→ **Task directions**
If an entry holds a picture, leave the picture out and copy the rest exactly.

→ **The input**
· · · · ·
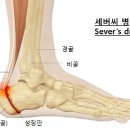 "발 뒤꿈치 들기" 운동. 이미지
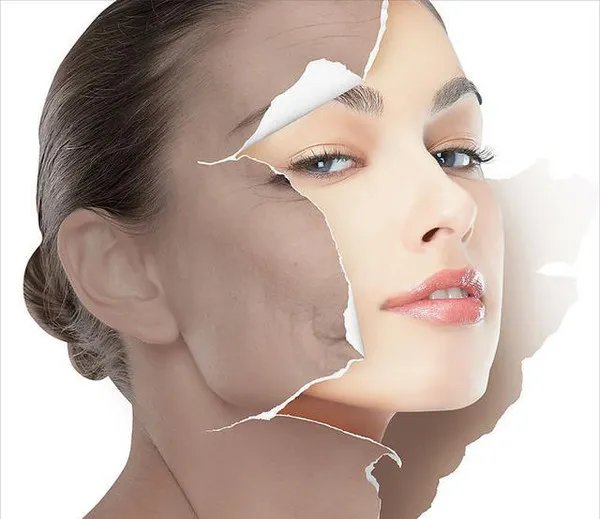 生活中常用祛斑的小窍门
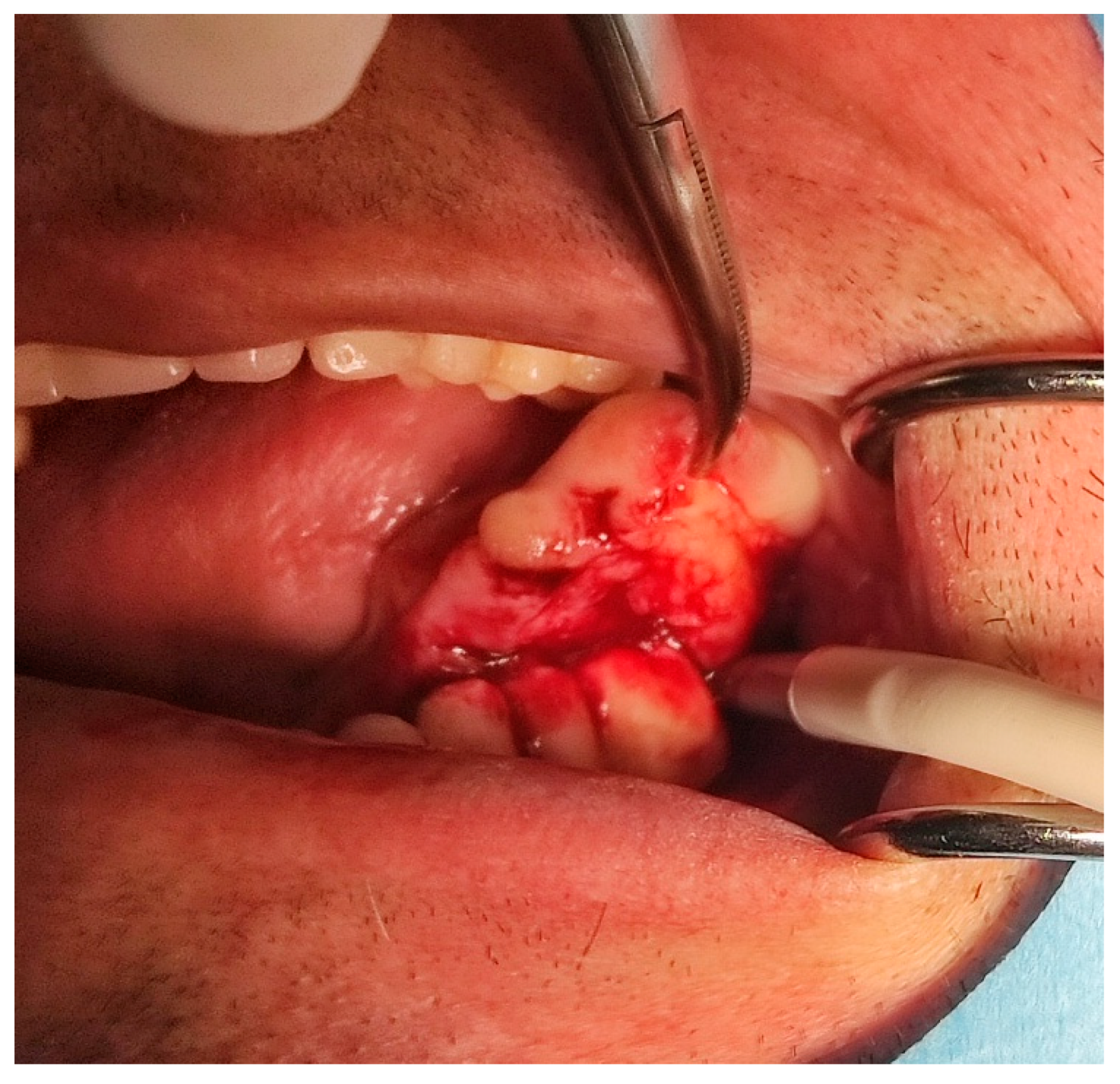 Dentistry 10 00009 g003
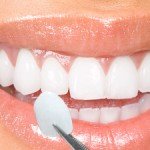 Fatetele dentare: Zambet de vedeta cu tehnologia DSD – Digital Smile Design!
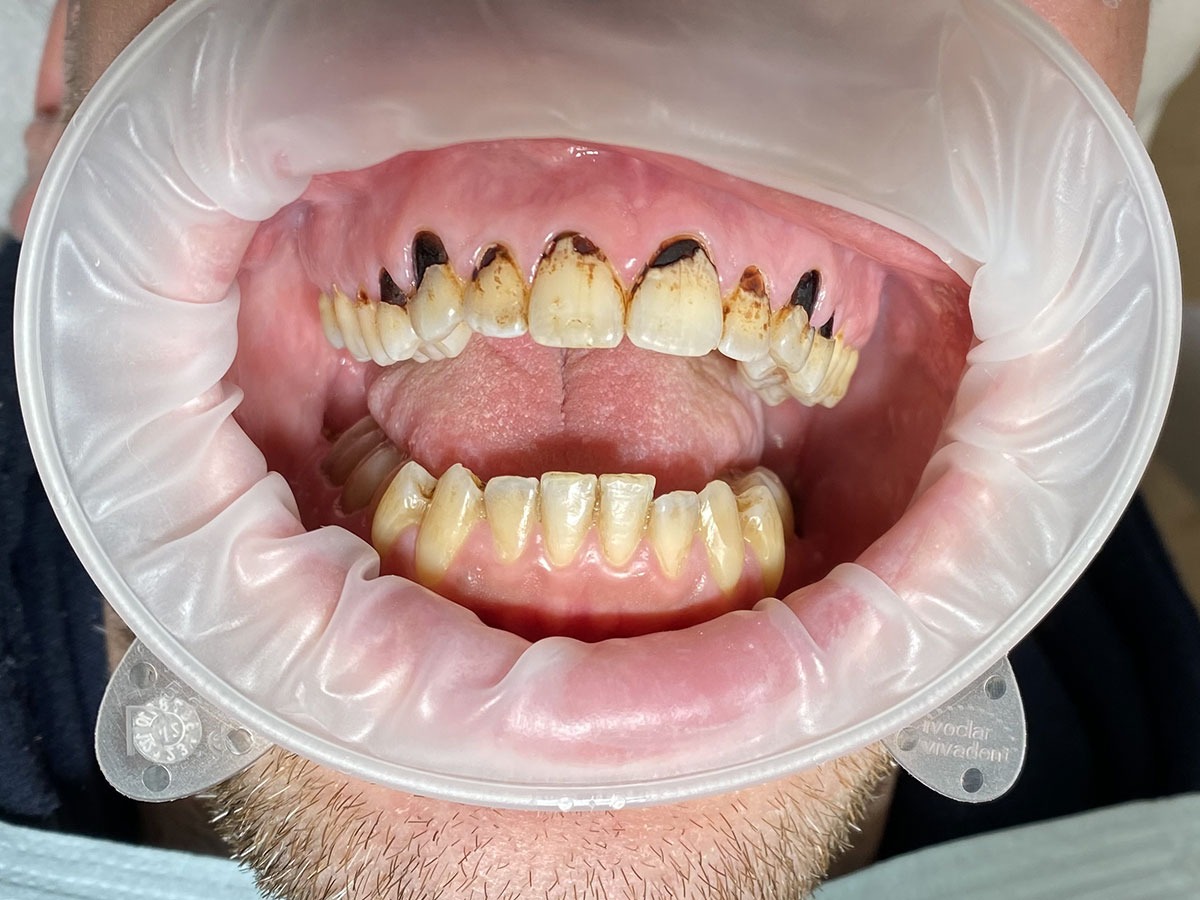 Gebitsrenovatie Before and After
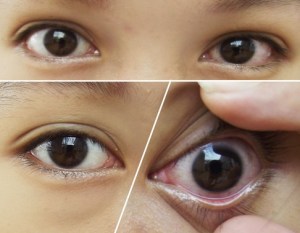 Penyebab Dan Cara Mengobati Penyakit Mata Keratitis
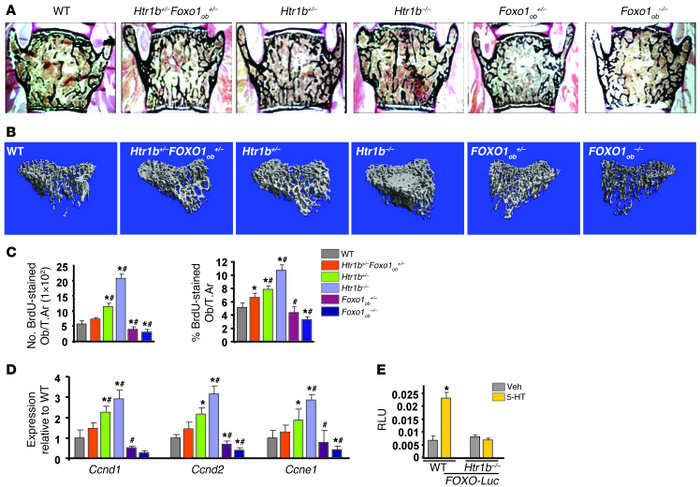 Serotonin regulates FOXO1 transcriptional activity via its HTR1B recepto...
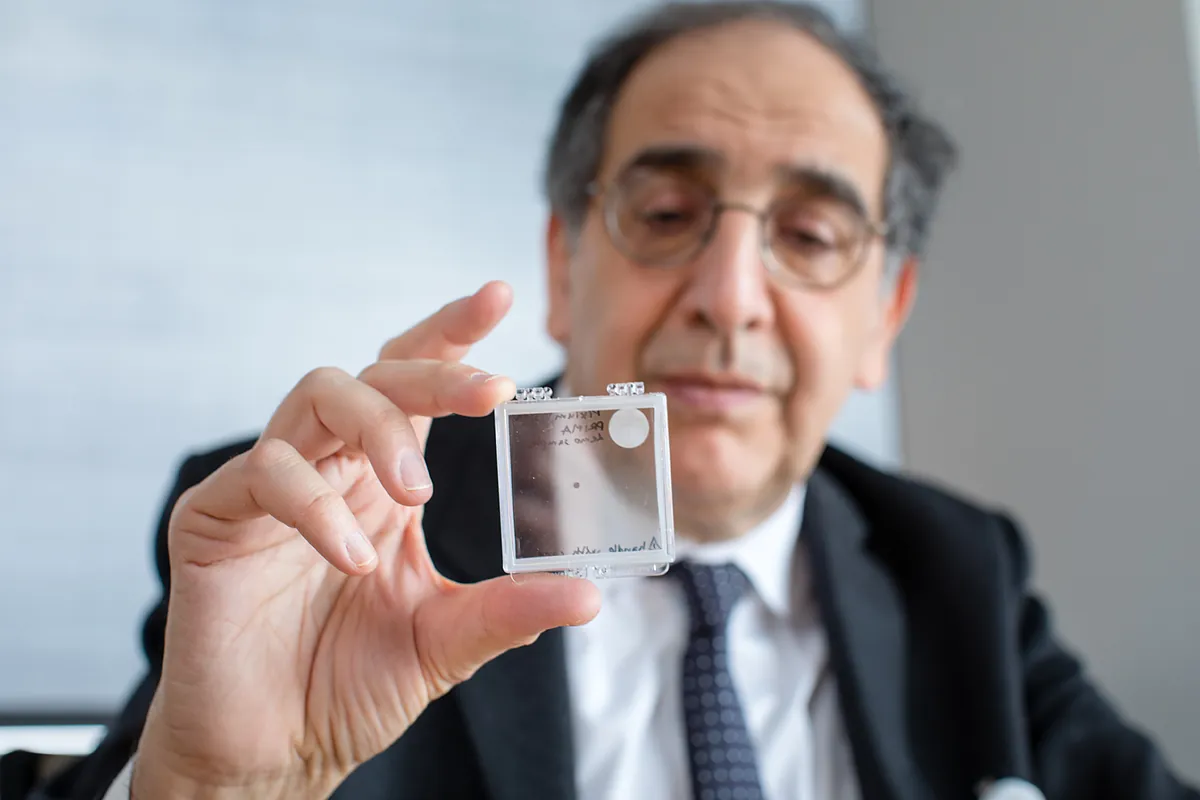 El implante de retina inalámbrico restaura la visión central y duplica la supervivencia en la DMAE. "Yo era un ávido lector y quería recuperarlo."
· · · · ·
→ **Response for this exercise**
 "발 뒤꿈치 들기" 운동. 이미지
 生活中常用祛斑的小窍门
 Dentistry 10 00009 g003
 Fatetele dentare: Zambet de vedeta cu tehnologia DSD – Digital Smile Design!
 Gebitsrenovatie Before and After
 Penyebab Dan Cara Mengobati Penyakit Mata Keratitis
 Serotonin regulates FOXO1 transcriptional activity via its HTR1B recepto...
 El implante de retina inalámbrico restaura la visión central y duplica la supervivencia en la DMAE. "Yo era un ávido lector y quería recuperarlo."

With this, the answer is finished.